From: J. Andrew Rogers (email@example.com)
Date: Thu Jul 08 2004 - 13:49:11 MDT
> * code for today's/next year's commodity iron, but think
> about portability to massively parallel async molecular
> electronics systems with mole amounts of switches.
Good advice, but not always so easy to do in practice.
Maximum scalability on current hardware may require making
design choices that are not terribly compatible with a
design choice you would make in ten years. There are many
codes that I would want to do with fine-grain message
passing in the future that I wouldn't want to do that way
today because they won't scale well.
> * your code should scale O(0) whether for 10^0 or 10^9
> nodes (yes, it can be done with the right topology and
> communication pattern) -- if it doesn't you're doing
> someting really wrong. Screw Amdahl, no sequential
> sections allowed.
Not bloody likely. Even with fine-grained fully async MP
architectures and the code to go with it, you'll still have
to sync up regionally if you want to get a meaningful answer
out of it. Even the human brain exhibits no ability to
partition its resources beyond a coarse level.

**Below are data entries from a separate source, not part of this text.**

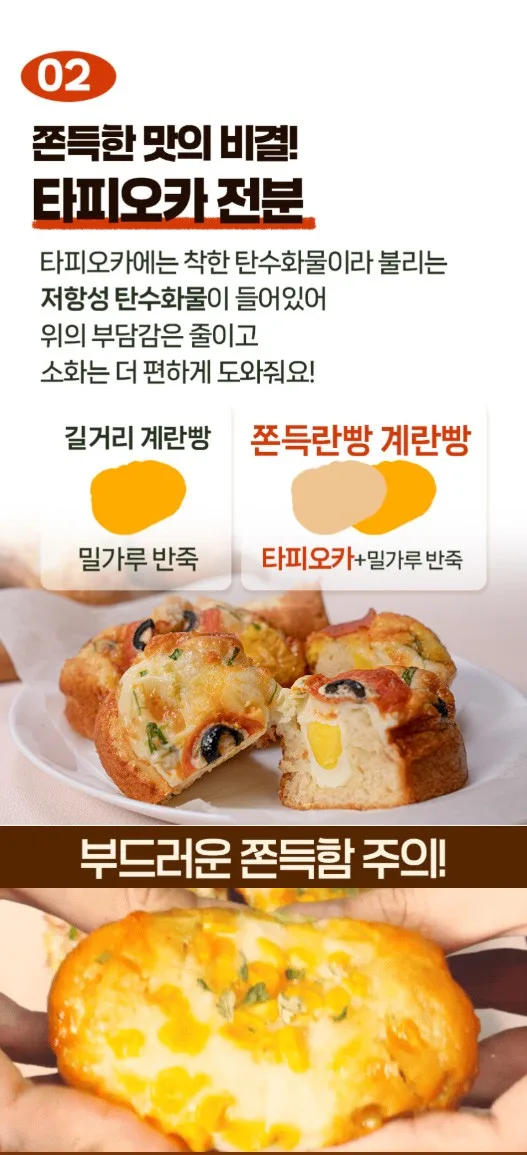 상품코드 : CIN006 쫀득란빵 토핑가득 추억의 계란빵 국내산계란 3종 80g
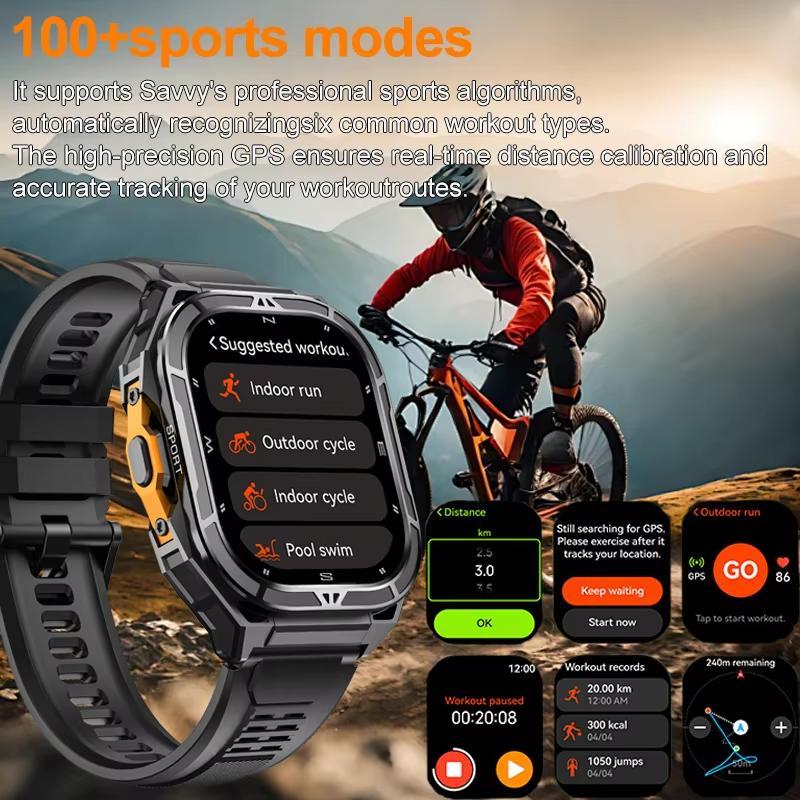 2026 Новые двухчастотные GPS-смарт-часы для мужчин, 1,96-дюймовый HD AMOLED-экран, компас, Bluetooth-звонки, 5ATM водонепроницаемые, спортивные смарт-часы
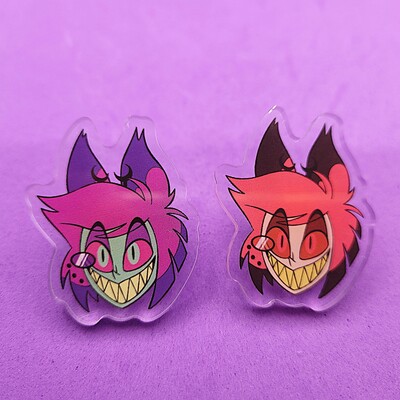 Hazbin hotel acrylic alastor pin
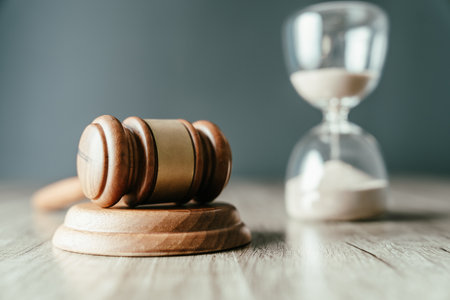 Judge's gavel and hourglass on the tableの写真素材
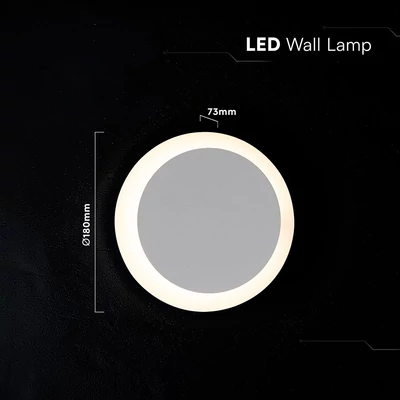 V-TAC CREE SMD LED beltéri, forgatható 6W fali lámpa, fehér házzal, meleg fehér - SKU 243546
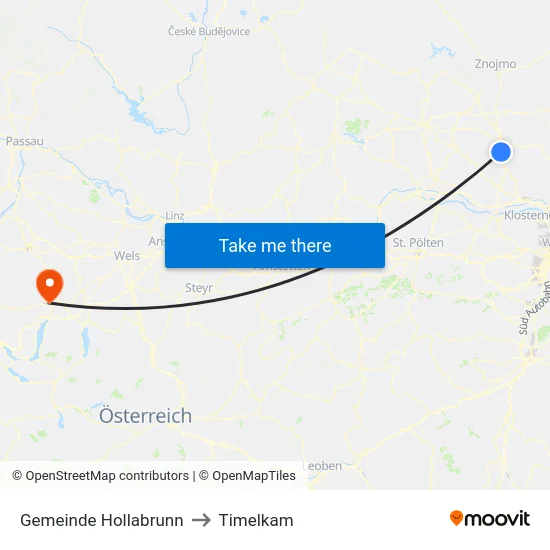 Gemeinde Hollabrunn to Timelkam map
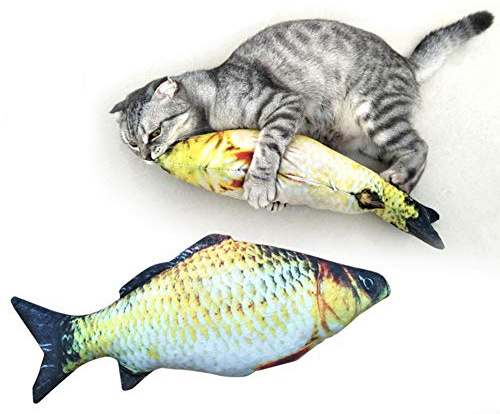 Egurs Interactive Katzenspielzeug Fisch Katzenspielzeug Katzenspielzeug Nachfüllbares Fischspielzeug für Katzen zum Spielen M = 40cm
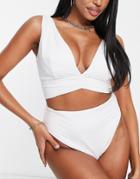 Asos Design Fuller Bust Recycled Mix And Match Deep Band Ruched Crop Bikini Top In White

> * avoid writing to disk frequently, try to do without
> swap. There's a special case if you have a large library
> of patterns, and can stream sequentially, or tolerate 10
> ms fetches sometimes.
For that matter, avoid reading from disk frequently. Disk
is just a grossly inefficient form of RAM, and if normal
core latency is a bottleneck (and it is for many codes),
having core with 10ms latency is almost useless.
This also means that any kind of RAM connected to switched
fiber within a 100km radius is vastly better than local
disk. If there was an easy way to mount the RAM of an
arbitrary number of network connected boxes as local 64-bit
swap space, that would be interesting. (It sounds like
something that should be easy to do on Linux or similar, but
it isn't in practice.)
Useful even for codes that don't need a ton of CPU.
> * use arrays of small data types, avoid absolute pointers
> (use relative addressing as offsets to current position)
If you don't make a habit of using the system to allocate
gobs of little objects, a good compiler will do the rest.
The structure of the arrays matters too. How many cache
lines that will get blown out can vary quite a bit depending
on how you lay out those data types. Two structure arrays
of identical size and type but with different internal
layout can cause integer factor differences in performance.
> * only access memory in stream mode, try to limit
> unpredictable accesses to 1st/2nd level cache (here it
> actually pays to use assembly for prefetch, otherwise
> don't bother with assembly but maybe for inner loop when
> you're done. This will cut your harware budget by some
> 300%, ditto operation costs.
The biggest performance improvements I've gotten were from
memory access optimization i.e. maximizing the number of
cache hits at all levels. You can do this in C and
largely eliminate any nominal benefit one might see from
In fact, I've discovered that big ugly "slow" codes that
have been optimized for extreme cache efficiency (which
almost invariably is what makes them "big and ugly") will
often run integer factors faster than the tight and elegant
"ideal" implementations. Most of the pipelines in a modern
CPU sit idle anyway; making them even more idle by
optimizing for instruction efficiency often won't net much.
Optimizing for cache efficiency gives all those pipelines
something to do, instruction optimized or not.
> * don't use floats, stick to integers
> * if you use integers, try using short integers (4-8 bit
> is great)
Also good advice. Integers are silicon friendly, and using
small integers will help sneak a lot of things inside a
cache line. As for byte-slicing, I would only do that where
there is an obvious benefit e.g. for cache line boundaries.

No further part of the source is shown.